Connected by the Internet, other websites were created around the world. This motivated international standards development for protocols and formatting. Berners-Lee continued to stay involved in guiding the development of web standards, such as the markup languages to compose web pages and he advocated his vision of a Semantic Web. The World Wide Web enabled the spread of information over the Internet through an easy-to-use and flexible format. It thus played an important role in popularising use of the Internet.^[28] Although the two terms are sometimes conflated in popular use, World Wide Web is not synonymous with Internet.^[29] The Web is an information space containing hyperlinked documents and other resources, identified by their URIs.^[30] It is implemented as both client and server software using Internet protocols such as TCP/IP and HTTP. Berners-Lee was knighted in 2004 by Queen Elizabeth II for "services to the global development of the Internet".^[31]^[32]

Function

The World Wide Web functions as an application layer protocol that is run "on top of" (figuratively) the Internet, helping to make it more functional. The advent of the Mosaic web browser helped to make the web much more usable, to include the display of images and moving images (GIFs).

The terms Internet and World Wide Web are often used without much distinction. However, the two are not the same. The Internet is a global system of interconnected computer networks. In contrast, the World Wide Web is a global collection of documents and other resources, linked by hyperlinks and URIs. Web resources are usually accessed using HTTP, which is one of many Internet communication protocols.^[33]

Viewing a web page on the World Wide Web normally begins either by typing the URL of the page into a web browser, or by following a hyperlink to that page or resource. The web browser then initiates a series of background communication messages to fetch and display the requested page. In the 1990s, using a browser to view web pages—and to move from one web page to another through hyperlinks—came to be known as 'browsing,' 'web surfing' (after channel surfing), or 'navigating the Web'. Early studies of this new behaviour investigated user patterns in using web browsers. One study, for example, found five user patterns: exploratory surfing, window surfing, evolved surfing, bounded navigation and targeted navigation.^[34]

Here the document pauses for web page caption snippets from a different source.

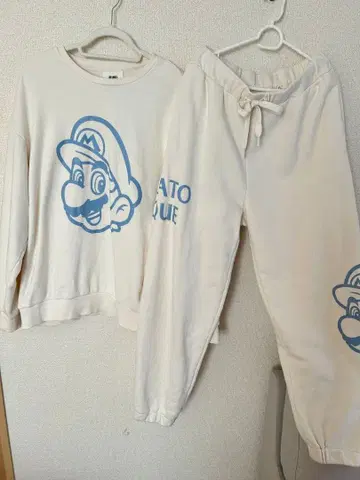 gelato pique 젤라또피케 슈퍼 마리오 맨투맨 상하의 세트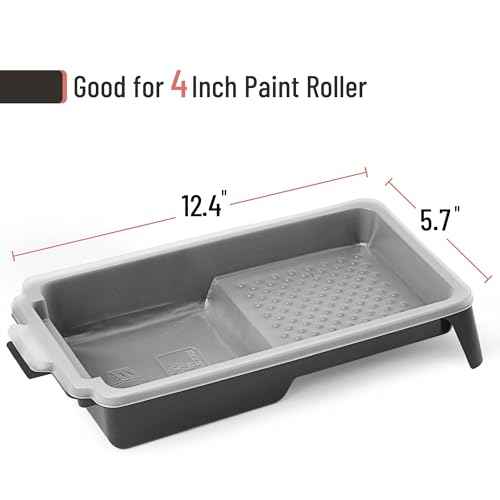 Bates- Paint Tray Liner, 4 Inches, One Plastic Paint Tray with 10 pcs Paint Pan Liners, Paint Pans Trays, Disposable Paint Tray, Paint Roller Tray Liners, Paint Trays for Painting Walls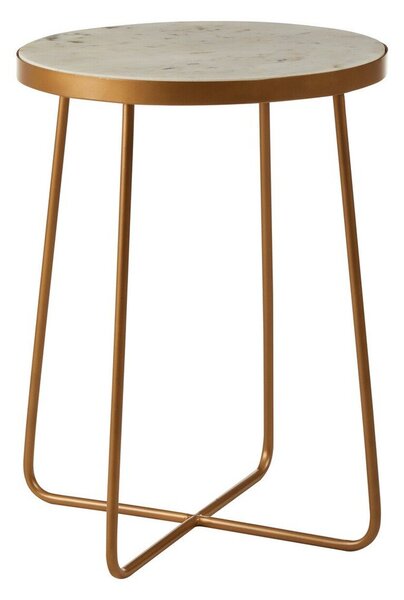Okrągły stolik z marmurowym blatem ø 36 cm Shalimar – Premier Housewares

The following example demonstrates the functioning of a web browser when accessing a page at the URL http://www.example.org/home.html. The browser resolves the server name of the URL (www.example.org) into an Internet Protocol address using the globally distributed Domain Name System (DNS). This lookup returns an IP address such as 203.0.113.4 or 2001:db8:2e::7334. The browser then requests the resource by sending an HTTP request across the Internet to the computer at that address. It requests service from a specific TCP port number that is well known for the HTTP service, so that the receiving host can distinguish an HTTP request from other network protocols it may be servicing. The HTTP protocol normally uses port number 80. The content of the HTTP request can be as simple as two lines of text:

GET /home.html HTTP/1.1
Host: www.example.org

The computer receiving the HTTP request delivers it to web server software listening for requests on port 80. If the web server can fulfil the request it sends an HTTP response back to the browser indicating success:

HTTP/1.0 200 OK
Content-Type: text/html; charset=UTF-8

followed by the content of the requested page. HyperText Markup Language (HTML) for a basic web page might look like this:

<html>
  <head>
    <title>Example.org – The World Wide Web</title>
  </head>
  <body>
    <p>The World Wide Web, abbreviated as WWW and commonly known ...</p>
  </body>
</html>

The web browser parses the HTML and interprets the markup (<title>, <p> for paragraph, and such) that surrounds the words to format the text on the screen. Many web pages use HTML to reference the URLs of other resources such as images, other embedded media, scripts that affect page behavior, and Cascading Style Sheets that affect page layout. The browser makes additional HTTP requests to the web server for these other Internet media types. As it receives their content from the web server, the browser progressively renders the page onto the screen as specified by its HTML and these additional resources.

Linking

Most web pages contain hyperlinks to other related pages and perhaps to downloadable files, source documents, definitions and other web resources. In the underlying HTML, a hyperlink looks like this:

<a href="http://www.example.org/home.html">Example.org Homepage</a>

Graphic representation of a minute fraction of the WWW, demonstrating hyperlinks

Such a collection of useful, related resources, interconnected via hypertext links is dubbed a web of information. Publication on the Internet created what Tim Berners-Lee first called the WorldWideWeb (in its original CamelCase, which was subsequently discarded) in November 1990.^[10]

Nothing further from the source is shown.